## Recorded data

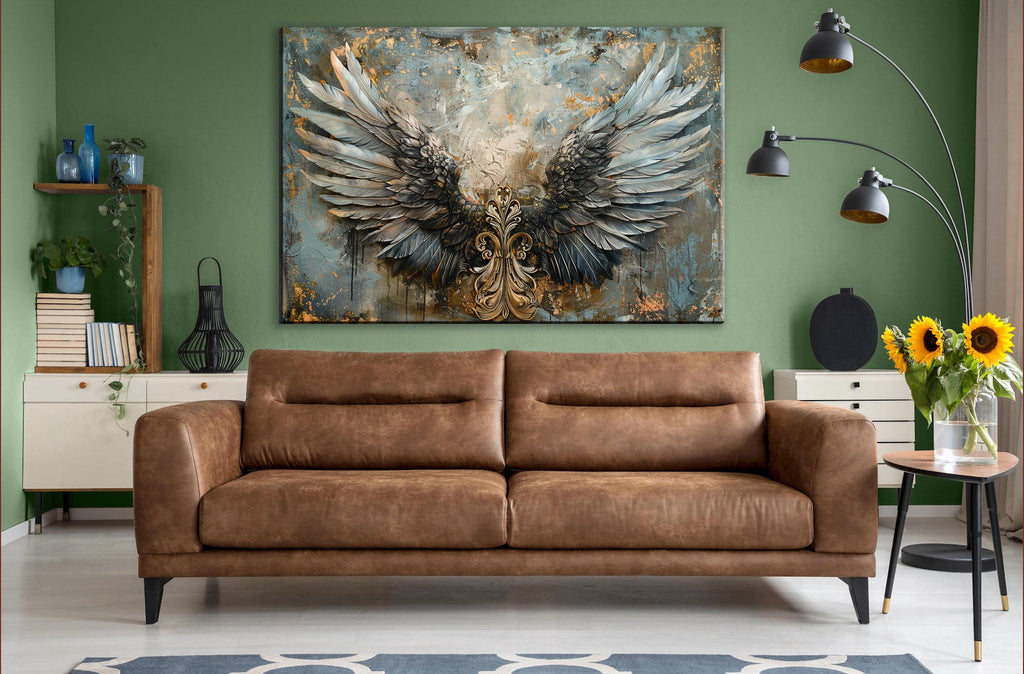 Angel Wings Wall Art – Large Canvas Art | Blue and Gold Painting, Ornate Feather Design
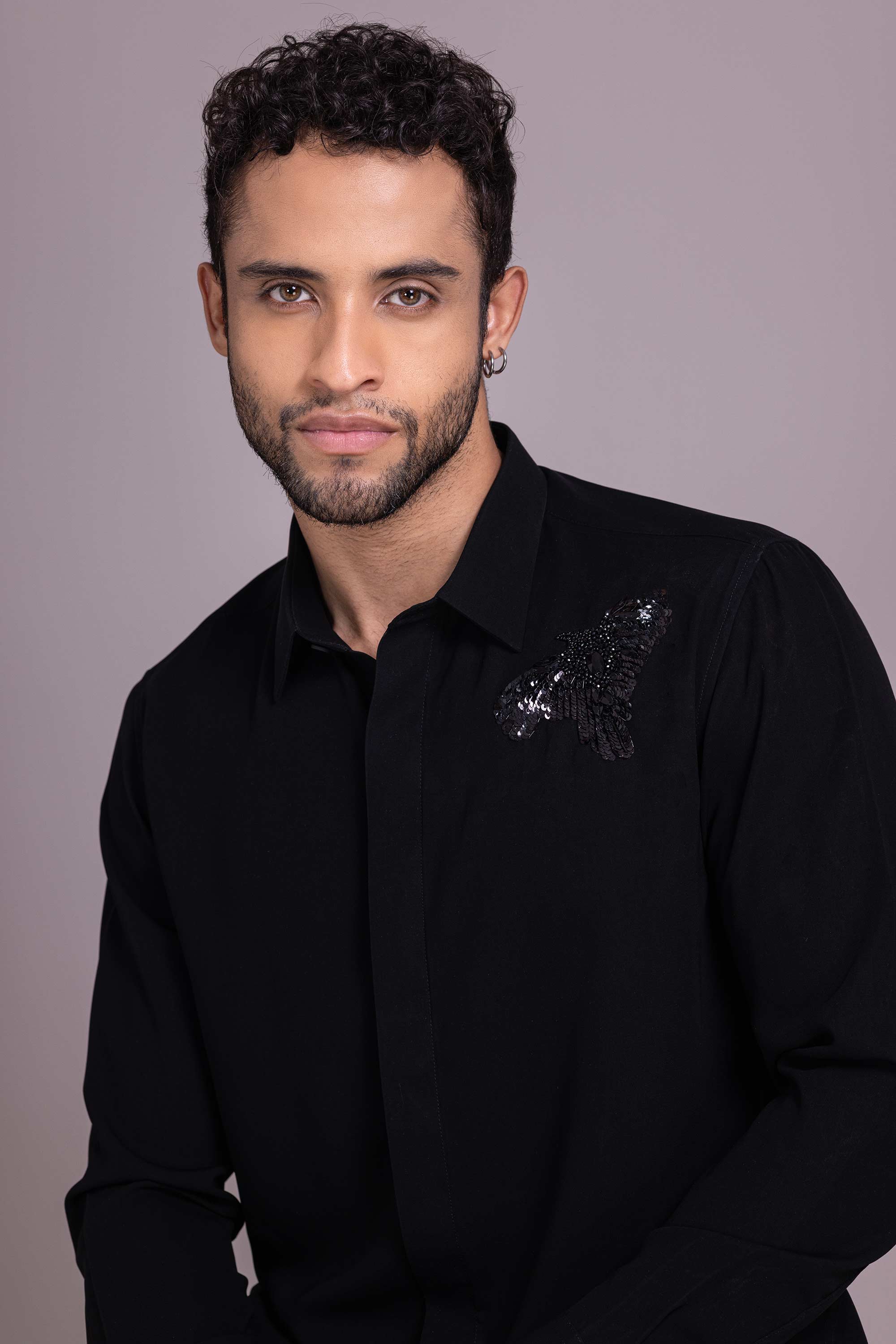 Black Embroidered Shirt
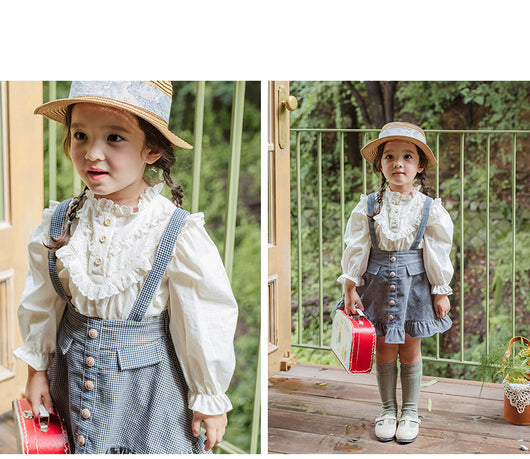 Blusa Princesa Infantil con Cuello de Encaje y Mangas Abullonadas Retro - Image 17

## The problem
The output should hold only the lines from the one containing "Black Embroidered Shirt" through the last line of the listing, reproduced exactly, pictures omitted.

## Response to the task
 Black Embroidered Shirt
 Blusa Princesa Infantil con Cuello de Encaje y Mangas Abullonadas Retro - Image 17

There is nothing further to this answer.